Mereka mencoba meninggalkan kampus setelah terkepung polisi selama dua hari. Para relawan dan mahasiswa ini menggunakan tambang yang dijulurkan dari sebuah jembatan penyeberangan, yang menghubungkan kampus ke jalan luar. Di bawah jembatan itu, sejumlah pengendara motor telah bersiaga untuk segera melaju setelah jemputannya tiba.
“Bentrokan terjadi terus hingga Selasa dini hari antara pemrotes dan petugas, yang mengancam menggunakan kekuatan penuh untuk membubarkan aktivis yang berkumpul di kampus Hong Kong, Polytechnic University,” begitu dilansir Channel News Asia pada Senin, 18 November 2019.
Kampus ini menjadi salah satu lokasi bentrokan antara pemrotes anti-pemerintah dan polisi Hong Kong.
Dalam upaya terkoordinasi, ribuan warga Hong Kong terlihat bergerak ke arah kampus PolyU untuk memecah pengepungan polisi, yang kerap bentrok dengan mahasiswa di dalam.
Belasan orang masih tinggal di dalam kampus. Sejumlah anak kecil yang ikut berdemonstrasi diizinkan keluar dari kampus setelah terjadi negosiasi antara anggota dewan dengan petugas keamanan.

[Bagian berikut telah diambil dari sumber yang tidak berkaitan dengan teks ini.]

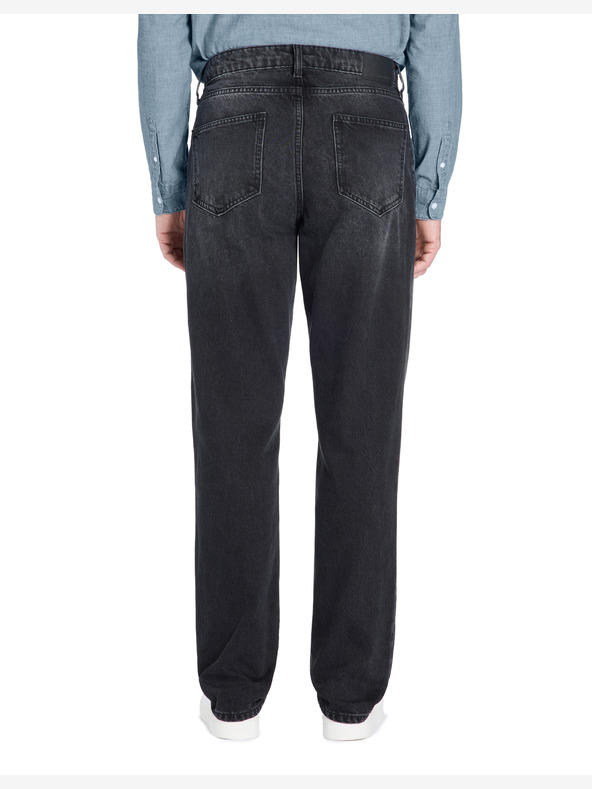 Celio Blugi Loose C75 Loloose 32 Celio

Bentrokan baru terjadi sejak awal pekan ini antara demonstran anti-pemerintah dengan petugas. Sejumlah sekolah dan kampus diliburkan karena adanya gangguan keamanan dan transportasi di kota semi-otonom yang berpopulasi 7.5 juta orang.
Seperti dilansir Reuters, warga turun ke jalan bersama mahasiswa menuntut diterapkannya sistem demokrasi secara penuh agar mereka bisa memilih pemimpinnya sendiri.
Unjuk rasa ini terjadi sejak Juni 2019 saat pemerintah mencoba mengesahkan RUU Ekstradisi, yang memungkinkan warga diekstradisi ke Cina.
Warga menilai pemerintah Cina cenderung mengintervensi kegiatan politik dan kebebasan warga di Hong Kong, yang diserahkan Inggris kembali ke Cina pada 1997. Pemerintah Cina membantah tudingan ini.
Kemunculan pasukan Cina beberapa hari lalu untuk membersihkan jalan raya dari puing-puing batu yang dilemparkan demonstran Hong Kong memicu kekhawatiran warga. Mereka menolak indikasi Cina akan menggunakan kekuatan militer untuk meredam unjuk rasa pro-Demokrasi ini.